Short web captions
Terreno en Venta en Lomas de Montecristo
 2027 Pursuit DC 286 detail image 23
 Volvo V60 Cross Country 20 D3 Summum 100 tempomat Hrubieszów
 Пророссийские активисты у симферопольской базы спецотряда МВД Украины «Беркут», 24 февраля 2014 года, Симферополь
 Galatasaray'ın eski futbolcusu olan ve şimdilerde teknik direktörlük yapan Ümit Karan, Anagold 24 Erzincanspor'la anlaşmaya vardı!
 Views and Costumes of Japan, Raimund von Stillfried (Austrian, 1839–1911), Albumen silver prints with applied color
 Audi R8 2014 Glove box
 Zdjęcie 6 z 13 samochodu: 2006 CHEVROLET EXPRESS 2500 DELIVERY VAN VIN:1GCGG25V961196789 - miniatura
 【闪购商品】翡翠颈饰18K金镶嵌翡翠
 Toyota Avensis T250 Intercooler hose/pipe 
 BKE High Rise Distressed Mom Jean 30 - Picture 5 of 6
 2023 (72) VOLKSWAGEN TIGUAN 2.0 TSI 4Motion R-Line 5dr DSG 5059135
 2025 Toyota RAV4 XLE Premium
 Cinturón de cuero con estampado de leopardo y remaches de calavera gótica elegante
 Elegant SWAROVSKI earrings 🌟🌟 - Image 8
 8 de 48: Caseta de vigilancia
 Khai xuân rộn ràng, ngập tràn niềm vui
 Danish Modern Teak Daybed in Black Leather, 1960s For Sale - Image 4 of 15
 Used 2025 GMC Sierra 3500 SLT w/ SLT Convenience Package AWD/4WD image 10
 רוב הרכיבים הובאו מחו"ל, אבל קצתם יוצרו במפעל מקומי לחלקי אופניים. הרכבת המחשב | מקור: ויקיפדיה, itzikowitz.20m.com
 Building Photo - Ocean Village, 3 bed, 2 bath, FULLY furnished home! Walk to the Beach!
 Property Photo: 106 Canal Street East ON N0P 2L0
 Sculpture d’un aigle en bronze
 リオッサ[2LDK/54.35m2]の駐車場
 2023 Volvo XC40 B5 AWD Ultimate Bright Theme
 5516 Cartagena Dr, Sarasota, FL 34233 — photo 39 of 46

→ **EXERCISE GOAL**
Nothing in the records above may be left out when you repeat them exactly.

→ **RESPONSE FOR THIS EXERCISE**
Terreno en Venta en Lomas de Montecristo
 2027 Pursuit DC 286 detail image 23
 Volvo V60 Cross Country 20 D3 Summum 100 tempomat Hrubieszów
 Пророссийские активисты у симферопольской базы спецотряда МВД Украины «Беркут», 24 февраля 2014 года, Симферополь
 Galatasaray'ın eski futbolcusu olan ve şimdilerde teknik direktörlük yapan Ümit Karan, Anagold 24 Erzincanspor'la anlaşmaya vardı!
 Views and Costumes of Japan, Raimund von Stillfried (Austrian, 1839–1911), Albumen silver prints with applied color
 Audi R8 2014 Glove box
 Zdjęcie 6 z 13 samochodu: 2006 CHEVROLET EXPRESS 2500 DELIVERY VAN VIN:1GCGG25V961196789 - miniatura
 【闪购商品】翡翠颈饰18K金镶嵌翡翠
 Toyota Avensis T250 Intercooler hose/pipe 
 BKE High Rise Distressed Mom Jean 30 - Picture 5 of 6
 2023 (72) VOLKSWAGEN TIGUAN 2.0 TSI 4Motion R-Line 5dr DSG 5059135
 2025 Toyota RAV4 XLE Premium
 Cinturón de cuero con estampado de leopardo y remaches de calavera gótica elegante
 Elegant SWAROVSKI earrings 🌟🌟 - Image 8
 8 de 48: Caseta de vigilancia
 Khai xuân rộn ràng, ngập tràn niềm vui
 Danish Modern Teak Daybed in Black Leather, 1960s For Sale - Image 4 of 15
 Used 2025 GMC Sierra 3500 SLT w/ SLT Convenience Package AWD/4WD image 10
 רוב הרכיבים הובאו מחו"ל, אבל קצתם יוצרו במפעל מקומי לחלקי אופניים. הרכבת המחשב | מקור: ויקיפדיה, itzikowitz.20m.com
 Building Photo - Ocean Village, 3 bed, 2 bath, FULLY furnished home! Walk to the Beach!
 Property Photo: 106 Canal Street East ON N0P 2L0
 Sculpture d’un aigle en bronze
 リオッサ[2LDK/54.35m2]の駐車場
 2023 Volvo XC40 B5 AWD Ultimate Bright Theme
 5516 Cartagena Dr, Sarasota, FL 34233 — photo 39 of 46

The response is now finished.